Das Stefan Ulbricht Trio spielte im Kulturbiergarten des Hürther Bürgerhauses.

Stefan Ulbricht Trio
Stefan Ulbricht Trio, Foto: Kurt Schürmann

Für den Jazzclub Hürth war es eine Premiere: Erstmals in der 34-jährigen Vereins-Geschichte wurde ein Konzert im Internet gestreamt. Dass der Abend mit dem Stefan Ulbricht Trio auch im Netz verfolgt werden konnte, wurde durch die Kooperation mit dem Bürgerhaus Hürth im Rahmen der Open-Air-Konzertreihe #Hürth im Sommer ermöglicht. Im eigens errichteten Kulturbiergarten neben dem Bürgerhaus können auch in Pandemie-Zeiten bis zu 100 Gäste bei maximaler Sicherheit Kultur genießen. Jazzfreunde, die trotz der garantierten Hygienemaßnahmen das Konzert am Wochenende lieber zu Hause erleben wollten, konnten sich via YouTube oder Facebook zuschalten.

Hervorragende Stimmung

Nach langer Kultur-Auszeit war die Stimmung am Bürgerhaus hervorragend. Zusammen mit Reinhard Küpper (Schlagzeug) und Paul G. Ulrich (Kontrabass) begrüßte der preisgekrönte Pianist Stefan Ulbricht das Publikum vor Ort sowie die Zuschauer an ihren Endgeräten. Kurz erläuterte Ulbricht das Konzept der Formation: Boogie kombiniert mit Evergreens der 1940er und 1950er. Wie gut das klingen kann, zeigten die Musiker dann anhand des nostalgischen Western-Schlagers „Don't Fence Me In“ (Cole Porter), der mit Boogie-Rhythmen gewürzt eine durchaus ironische Note erhielt.
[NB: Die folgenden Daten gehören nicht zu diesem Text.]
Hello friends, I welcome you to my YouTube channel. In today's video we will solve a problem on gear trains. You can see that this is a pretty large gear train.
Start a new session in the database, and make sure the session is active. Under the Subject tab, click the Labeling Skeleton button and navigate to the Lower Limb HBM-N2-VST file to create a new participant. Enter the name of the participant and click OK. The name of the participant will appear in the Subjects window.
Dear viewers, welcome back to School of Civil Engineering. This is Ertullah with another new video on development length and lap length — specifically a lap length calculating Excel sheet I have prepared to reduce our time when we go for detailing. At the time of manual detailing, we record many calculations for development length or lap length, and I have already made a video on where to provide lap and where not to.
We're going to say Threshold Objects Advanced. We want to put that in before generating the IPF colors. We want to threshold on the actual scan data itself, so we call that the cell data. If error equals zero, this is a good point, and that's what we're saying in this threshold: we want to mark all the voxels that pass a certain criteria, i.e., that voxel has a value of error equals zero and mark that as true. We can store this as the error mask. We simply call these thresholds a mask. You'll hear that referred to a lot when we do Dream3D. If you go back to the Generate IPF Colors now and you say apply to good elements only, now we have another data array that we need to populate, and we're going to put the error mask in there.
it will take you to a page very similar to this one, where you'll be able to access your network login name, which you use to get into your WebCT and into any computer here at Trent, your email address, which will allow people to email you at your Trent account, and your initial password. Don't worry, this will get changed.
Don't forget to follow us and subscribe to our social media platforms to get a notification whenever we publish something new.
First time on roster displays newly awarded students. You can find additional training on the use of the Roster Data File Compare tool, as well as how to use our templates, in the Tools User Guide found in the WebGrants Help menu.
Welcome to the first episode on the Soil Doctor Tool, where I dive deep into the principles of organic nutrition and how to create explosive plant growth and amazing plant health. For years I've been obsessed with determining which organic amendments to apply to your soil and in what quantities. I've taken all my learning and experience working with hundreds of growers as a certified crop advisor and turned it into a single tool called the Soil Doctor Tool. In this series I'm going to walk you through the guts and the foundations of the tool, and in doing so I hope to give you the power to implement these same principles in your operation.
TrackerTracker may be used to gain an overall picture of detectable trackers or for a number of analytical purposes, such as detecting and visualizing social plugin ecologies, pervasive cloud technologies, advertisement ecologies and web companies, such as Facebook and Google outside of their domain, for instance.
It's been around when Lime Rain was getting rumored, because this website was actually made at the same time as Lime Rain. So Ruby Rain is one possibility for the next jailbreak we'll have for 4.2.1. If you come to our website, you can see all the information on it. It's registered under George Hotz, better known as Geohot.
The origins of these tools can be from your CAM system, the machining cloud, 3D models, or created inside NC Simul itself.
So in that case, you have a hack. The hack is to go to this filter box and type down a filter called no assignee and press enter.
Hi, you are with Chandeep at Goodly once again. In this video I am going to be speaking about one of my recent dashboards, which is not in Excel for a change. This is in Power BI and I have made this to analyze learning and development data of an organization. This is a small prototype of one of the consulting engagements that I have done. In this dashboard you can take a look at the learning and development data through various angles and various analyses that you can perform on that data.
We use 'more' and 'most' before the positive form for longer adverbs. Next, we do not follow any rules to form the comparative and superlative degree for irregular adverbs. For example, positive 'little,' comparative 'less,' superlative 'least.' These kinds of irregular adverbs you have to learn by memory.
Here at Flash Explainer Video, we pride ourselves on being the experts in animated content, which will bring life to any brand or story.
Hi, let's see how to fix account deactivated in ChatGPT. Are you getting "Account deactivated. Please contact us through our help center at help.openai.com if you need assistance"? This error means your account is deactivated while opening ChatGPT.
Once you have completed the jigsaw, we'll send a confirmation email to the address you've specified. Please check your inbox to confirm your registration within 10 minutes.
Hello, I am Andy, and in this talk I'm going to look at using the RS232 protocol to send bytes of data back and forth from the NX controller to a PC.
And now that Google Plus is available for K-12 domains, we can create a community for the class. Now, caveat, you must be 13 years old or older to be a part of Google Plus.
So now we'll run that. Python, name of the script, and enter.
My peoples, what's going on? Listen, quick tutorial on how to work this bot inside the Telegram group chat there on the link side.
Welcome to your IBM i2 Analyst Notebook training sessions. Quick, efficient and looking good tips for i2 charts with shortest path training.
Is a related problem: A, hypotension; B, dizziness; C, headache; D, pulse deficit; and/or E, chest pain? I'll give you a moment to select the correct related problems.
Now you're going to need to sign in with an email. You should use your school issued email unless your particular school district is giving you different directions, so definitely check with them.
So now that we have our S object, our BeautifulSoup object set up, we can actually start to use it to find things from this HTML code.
Schon zu diesem Zeitpunkt nutzen Besucher den reichlich vorhandenen Platz zum Tanzen, sodass Ulbricht auch die Zuschauer daheim dazu aufforderte, die Falten aus dem Teppich zu schwofen.

Als Komponist präsentierte Ulbricht sich mit Stücken wie der nicht allzu melancholischen Ballade „Unanswered Love“ oder dem optimistisch groovenden Stück „Pacific Runner“, das Ohren und Tanzbeine ansprach. Seine pianistische Virtuosität demonstrierte Ulbricht, indem er im bereits 106 Jahre alten „Saint Louis Blues“ tastenzauberische Details aufscheinen ließ, die der Musik eine überraschende Tiefe verliehen. Im 1952 von Jerry Leiber und Mike Stoller geschriebenen Titel „Kansas City“ konnte Paul G. Ulrich beweisen, dass er nicht nur rasante Bass-Soli spielen kann, sondern auch eine kraftvolle Blues-Stimme hat. Das Publikum reagierte begeistert und entließ die Künstler erst nach zwei Zugaben.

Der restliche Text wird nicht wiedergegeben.